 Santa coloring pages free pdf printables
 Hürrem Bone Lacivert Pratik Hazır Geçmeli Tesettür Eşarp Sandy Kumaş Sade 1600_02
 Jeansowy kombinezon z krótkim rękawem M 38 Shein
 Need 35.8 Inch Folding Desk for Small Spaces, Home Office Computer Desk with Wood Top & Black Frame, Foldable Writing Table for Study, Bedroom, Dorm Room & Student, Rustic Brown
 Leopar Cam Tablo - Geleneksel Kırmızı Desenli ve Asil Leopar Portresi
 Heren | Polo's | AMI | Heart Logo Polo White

--

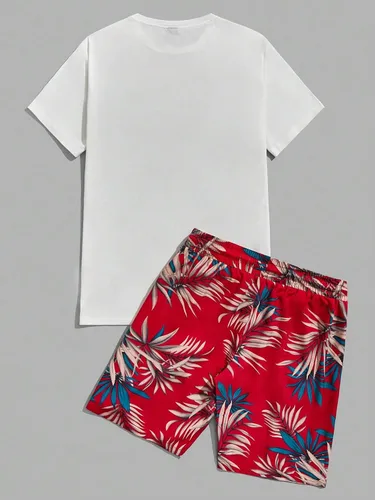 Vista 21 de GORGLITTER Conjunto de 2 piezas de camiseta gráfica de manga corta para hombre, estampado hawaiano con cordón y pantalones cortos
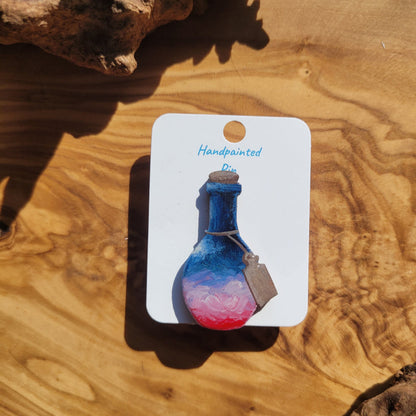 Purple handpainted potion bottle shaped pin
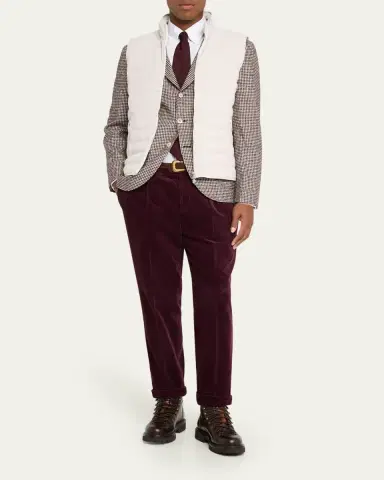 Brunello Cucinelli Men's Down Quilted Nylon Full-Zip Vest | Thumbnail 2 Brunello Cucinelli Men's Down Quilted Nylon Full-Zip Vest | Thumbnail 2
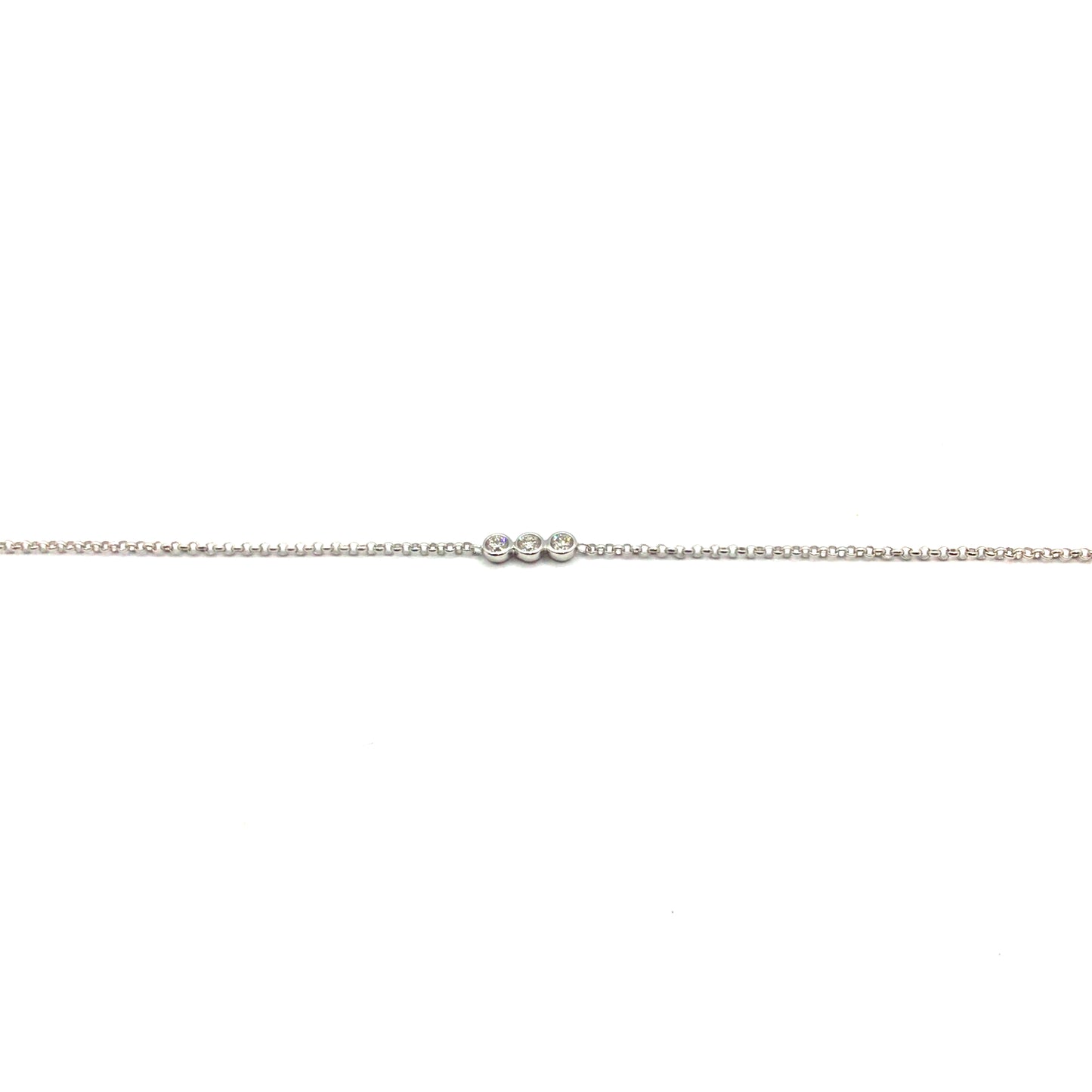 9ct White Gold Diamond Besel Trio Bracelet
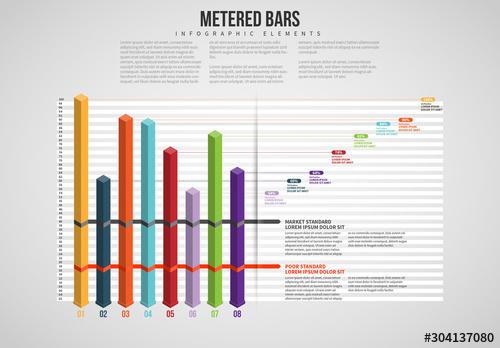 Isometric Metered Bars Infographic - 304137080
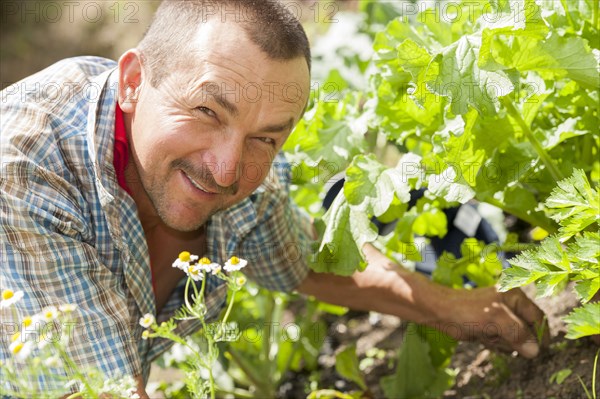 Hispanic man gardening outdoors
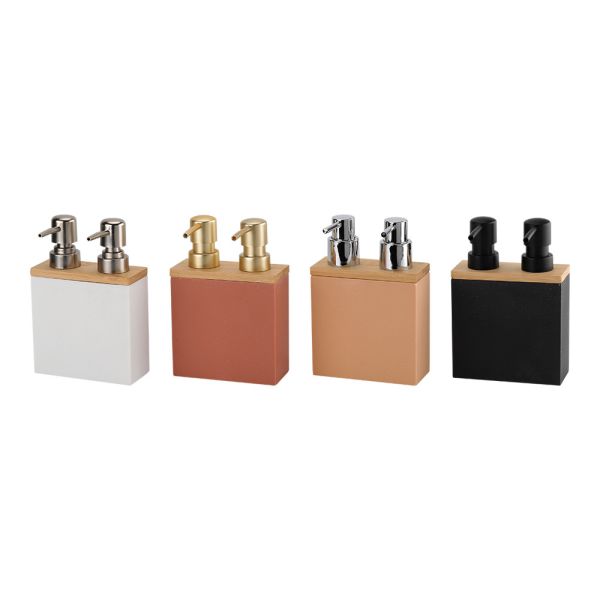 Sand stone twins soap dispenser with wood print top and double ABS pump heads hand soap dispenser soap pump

* * *

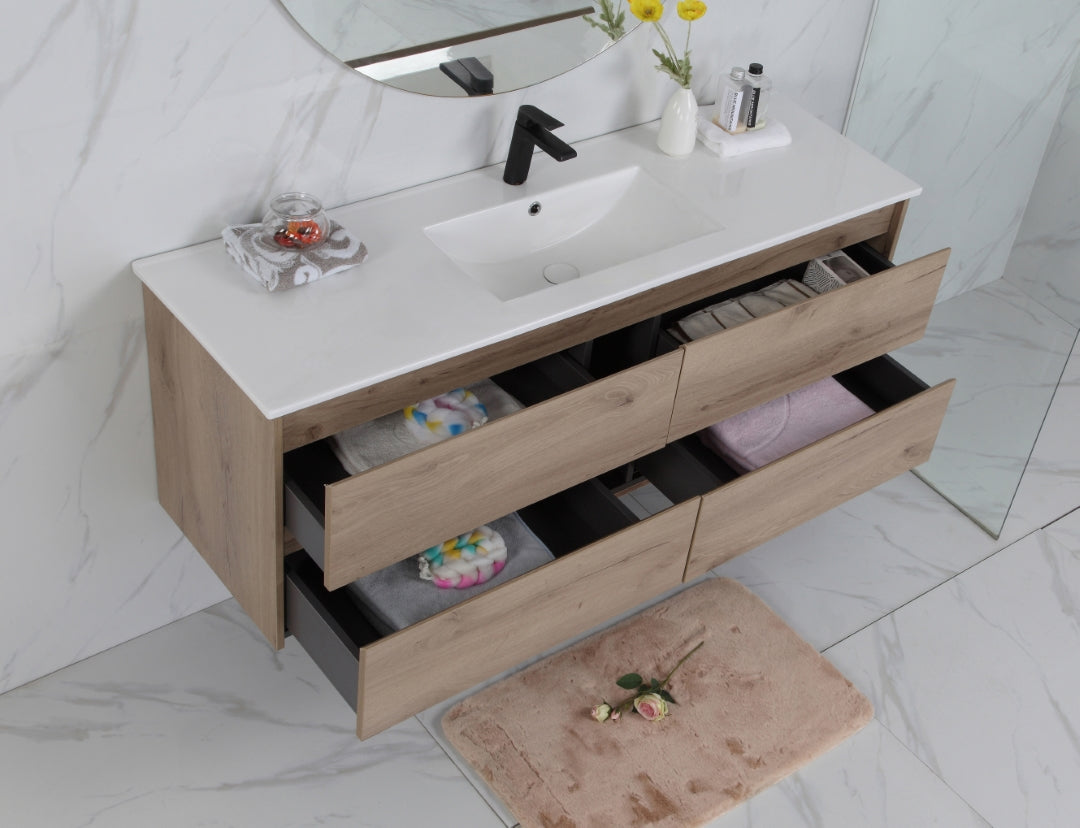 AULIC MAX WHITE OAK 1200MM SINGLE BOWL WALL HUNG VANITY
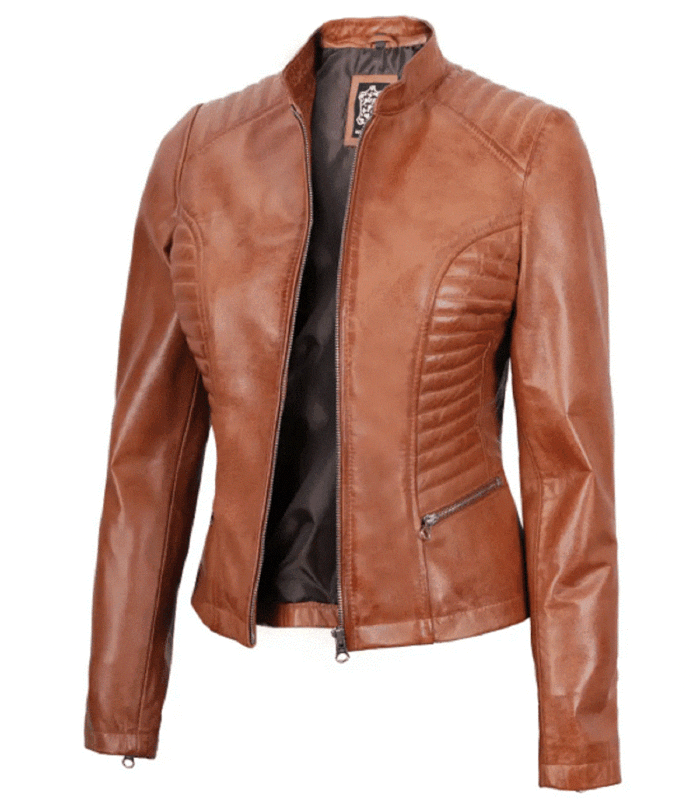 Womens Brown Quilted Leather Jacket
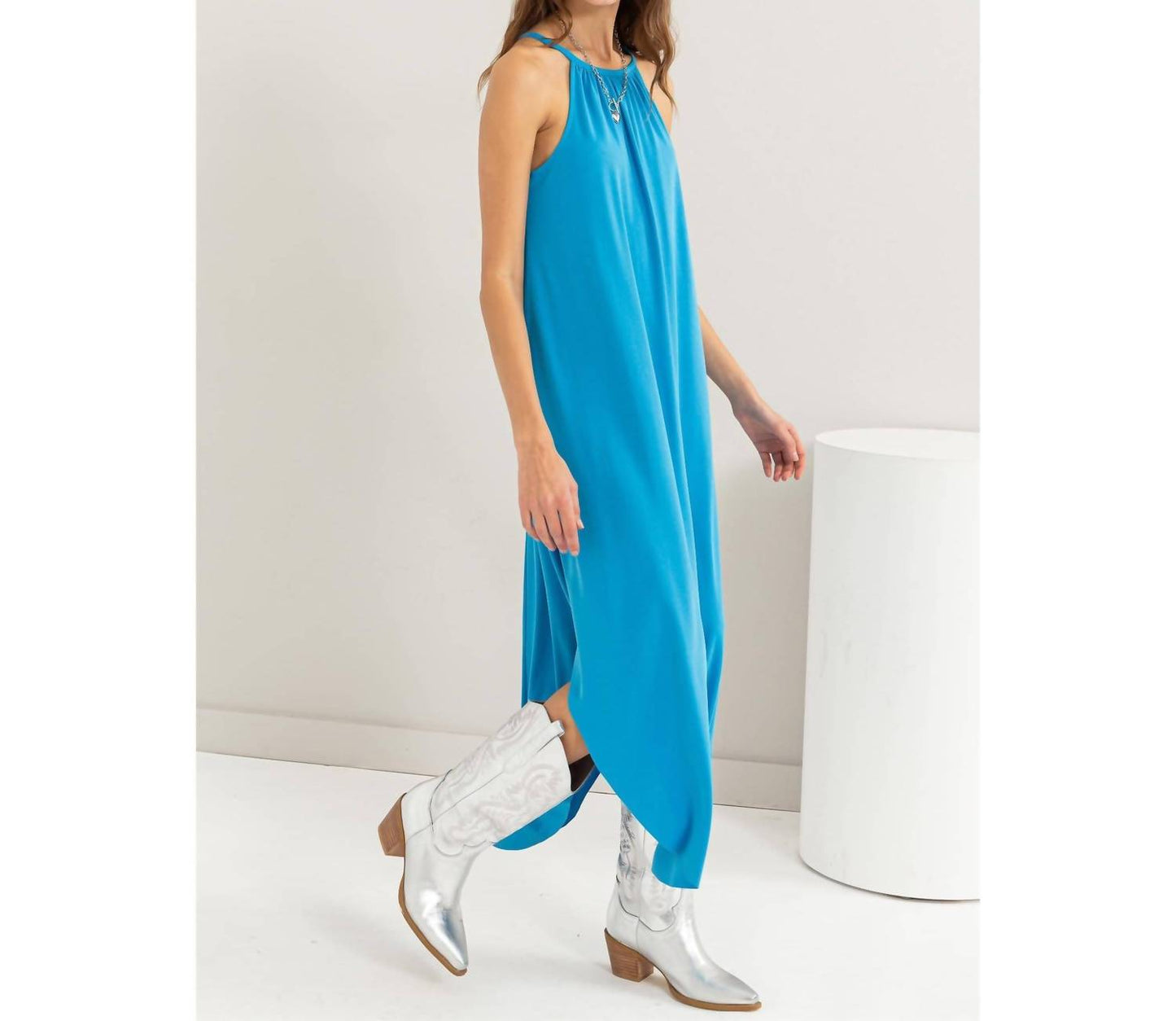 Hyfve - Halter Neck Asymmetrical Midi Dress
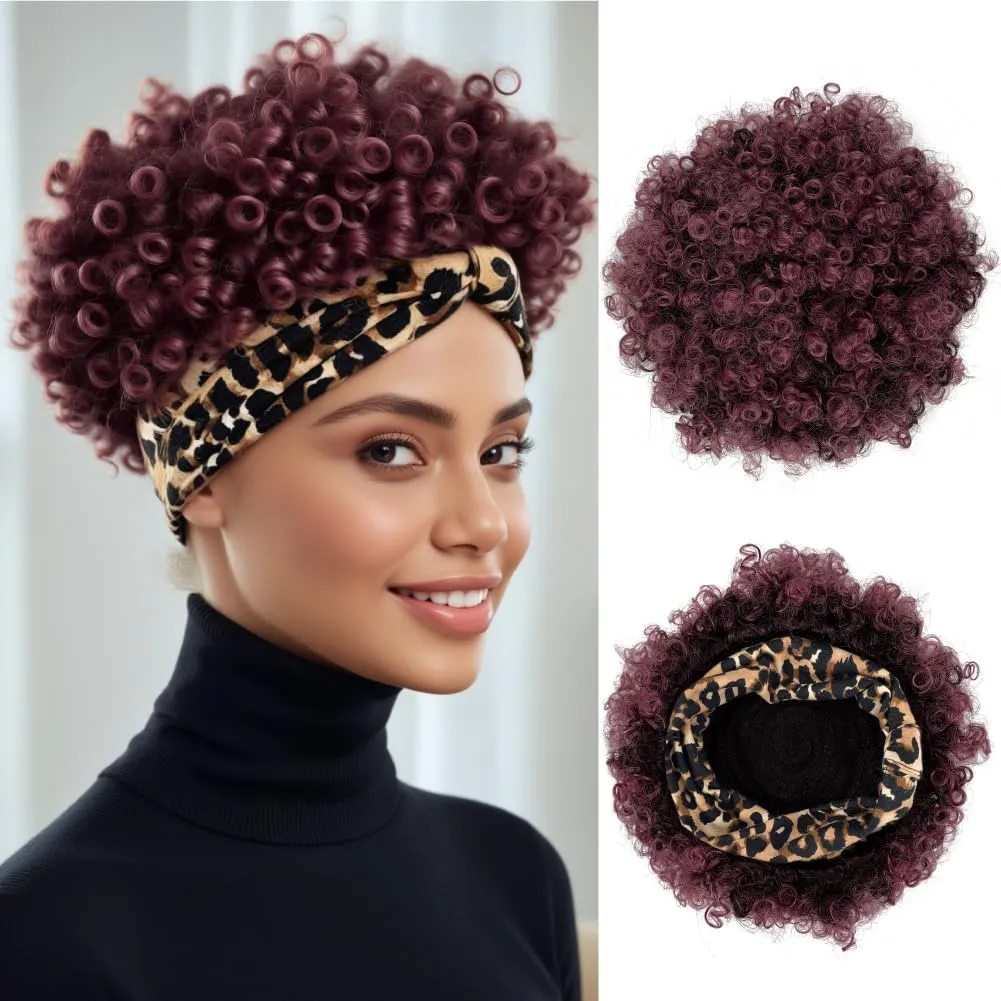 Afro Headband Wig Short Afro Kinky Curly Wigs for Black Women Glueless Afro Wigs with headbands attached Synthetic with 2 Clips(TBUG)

§ **TASK INSTRUCTIONS**
Using the entries above, output exactly the lines between the line holding "Santa coloring pages free pdf printables" and the line holding "Heren | Polo's | AMI | Heart Logo Polo White", end lines included, and nothing more.

§ **EXERCISE OUTPUT**
 Santa coloring pages free pdf printables
 Hürrem Bone Lacivert Pratik Hazır Geçmeli Tesettür Eşarp Sandy Kumaş Sade 1600_02
 Jeansowy kombinezon z krótkim rękawem M 38 Shein
 Need 35.8 Inch Folding Desk for Small Spaces, Home Office Computer Desk with Wood Top & Black Frame, Foldable Writing Table for Study, Bedroom, Dorm Room & Student, Rustic Brown
 Leopar Cam Tablo - Geleneksel Kırmızı Desenli ve Asil Leopar Portresi
 Heren | Polo's | AMI | Heart Logo Polo White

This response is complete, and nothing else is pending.